Testing is underway and a few areas are still being addressed. The aim is to make life easier for all LaTeX users: feedback is most welcome.

beamer developments

I’ve been looking after beamer for a few years, largely ‘by accident’ (this seems to happen quite a lot). Relatively recently, I moved the code from BitBucket to GitHub, largely because there’s a slow drift there for LaTeX projects. The advantage of that is the chance to pick up additional help.

Eagle-eyed readers will have noticed that over the last few months there have been a lot of beamer check-ins from Louis Stuart. He’s doing excellent work on tackling a lot of tricky beamer bugs, and I hope this will mean a better user experience. Of course, changing a complex product like beamer does have some risks, and so it’s also important to get the release set up working smoothly. To that end, I’ve migrated from some custom Makefile structures to using l3build (with some new features in the latter to help). That should mean a more regular release schedule.  It also means we can integrate testing into the coding: currently there is just the one test, but I’d welcome additions!

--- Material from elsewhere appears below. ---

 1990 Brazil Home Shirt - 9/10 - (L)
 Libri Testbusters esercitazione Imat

LaTeX2e kernel development moves to GitHub

The LaTeX team have two big jobs to do: maintaining LaTeX2e and working on LaTeX3 (currently as new packages on top of LaTeX2e). For quite a while now the LaTeX3 code has been available on GitHub as a mirror of the master repository. At the same time, the core LaTeX2e code was also available publicly using Subversion (SVN) via the team website. At least in the web view, the latter has always been a bit ‘Spartan’, both in appearance and in features (only the most recent revision could be seen).

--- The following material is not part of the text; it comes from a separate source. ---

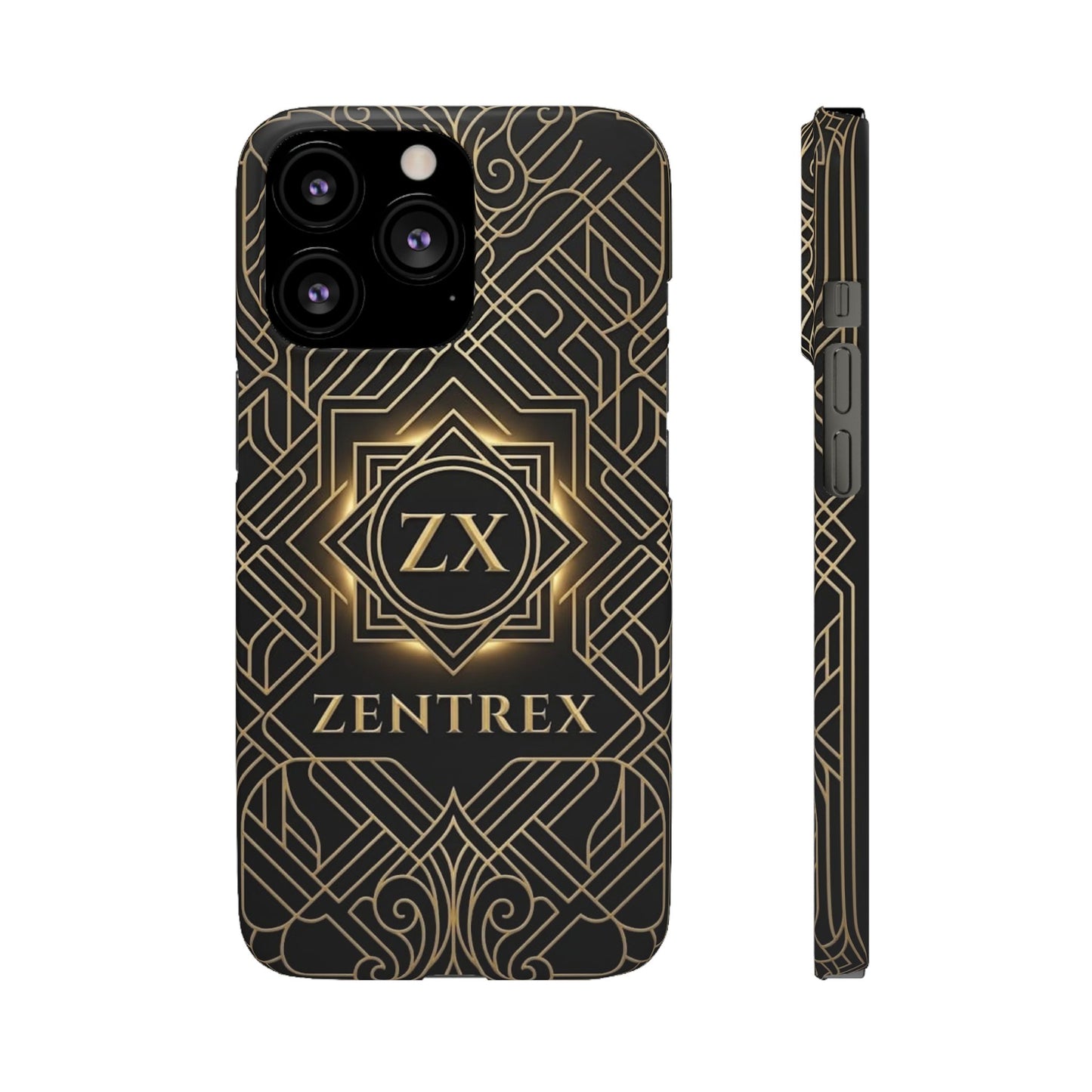 Luxury Gold Geometric Art Deco Slim Phone Case for iPhone & Samsung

Coupled to viewing the code for any project is tracking the issues. For LaTeX2e, the team have used GNATS for over twenty years. GNATS has served the team well, but like the web view is Subversion is showing its age.

We’ve now decided that the time is right to make a change. Eagle-eyed users will already have spotted the new LaTeX2e GitHub page, which is now the master repo for the LaTeX kernel. We’ve not yet frozen the existing GNATS database, but new bugs should be reported on GitHub. (For technical reasons, the existing GNATS bugs list is unlikely to be migrated to GitHub.)

Frank Mittelbach (LaTeX team lead developer) has written a short article on the new approach, which will be appearing in TUGboat soon. As Frank says, we hope that most users don’t run into bugs in the kernel (it is pretty stable and the code has been pushed pretty hard over the years), but this new approach will make reporting that bit easier and clearer.

Accompanying the move of LaTeX2e to GitHub, the LaTeX3 Subversion repository has also been retired: the master location for this is also now on GitHub. So everything is in a sense ‘sorted’: all in one place.

Of course, the team maintain only a very small amount of the LaTeX ‘ecosystem’: there are over 5000 packages on CTAN. To help users know whether a bug should be reported to the team or not, we have created the latexbug package.  An example using it:


\RequirePackage{latexbug} \documentclass{article} \begin{document} Problems here \end{document}

will give a warning if there is any code that isn’t covered by the team (and so should be reported elsewhere). We hope this helps bugs get to the right places as easily as possible.


I handled most of the conversion from Subversion to Git, and I’d like to acknowledge SubGit from TMate Software for making the process (largely) painless. As LaTeX is an open source project, we were able to use this tool for free. We used SubGit for the ‘live’ mirroring of LaTeX3 to GitHub for several years, and it worked flawlessly. The same was true for the trickier task of moving LaTeX2e: the repo history had a few wrinkles that we slightly more difficult to map to Git, but we got there.